Material supplied section start

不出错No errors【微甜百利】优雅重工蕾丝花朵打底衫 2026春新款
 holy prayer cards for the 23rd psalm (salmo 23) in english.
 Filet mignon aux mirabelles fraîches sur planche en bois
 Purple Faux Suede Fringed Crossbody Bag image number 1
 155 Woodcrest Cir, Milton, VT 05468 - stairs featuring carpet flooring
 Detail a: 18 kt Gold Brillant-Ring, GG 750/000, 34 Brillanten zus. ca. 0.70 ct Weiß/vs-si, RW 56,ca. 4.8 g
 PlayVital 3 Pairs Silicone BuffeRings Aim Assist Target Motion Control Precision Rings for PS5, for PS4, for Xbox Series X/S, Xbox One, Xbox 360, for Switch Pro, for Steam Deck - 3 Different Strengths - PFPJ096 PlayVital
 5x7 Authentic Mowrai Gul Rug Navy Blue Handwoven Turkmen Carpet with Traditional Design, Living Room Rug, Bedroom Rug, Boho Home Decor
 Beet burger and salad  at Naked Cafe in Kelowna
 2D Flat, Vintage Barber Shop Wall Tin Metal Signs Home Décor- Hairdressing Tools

Material supplied section end

:: Problem requirements ::
Please give all of the entries again, exactly as written.

:: Expected output ::
不出错No errors【微甜百利】优雅重工蕾丝花朵打底衫 2026春新款
 holy prayer cards for the 23rd psalm (salmo 23) in english.
 Filet mignon aux mirabelles fraîches sur planche en bois
 Purple Faux Suede Fringed Crossbody Bag image number 1
 155 Woodcrest Cir, Milton, VT 05468 - stairs featuring carpet flooring
 Detail a: 18 kt Gold Brillant-Ring, GG 750/000, 34 Brillanten zus. ca. 0.70 ct Weiß/vs-si, RW 56,ca. 4.8 g
 PlayVital 3 Pairs Silicone BuffeRings Aim Assist Target Motion Control Precision Rings for PS5, for PS4, for Xbox Series X/S, Xbox One, Xbox 360, for Switch Pro, for Steam Deck - 3 Different Strengths - PFPJ096 PlayVital
 5x7 Authentic Mowrai Gul Rug Navy Blue Handwoven Turkmen Carpet with Traditional Design, Living Room Rug, Bedroom Rug, Boho Home Decor
 Beet burger and salad  at Naked Cafe in Kelowna
 2D Flat, Vintage Barber Shop Wall Tin Metal Signs Home Décor- Hairdressing Tools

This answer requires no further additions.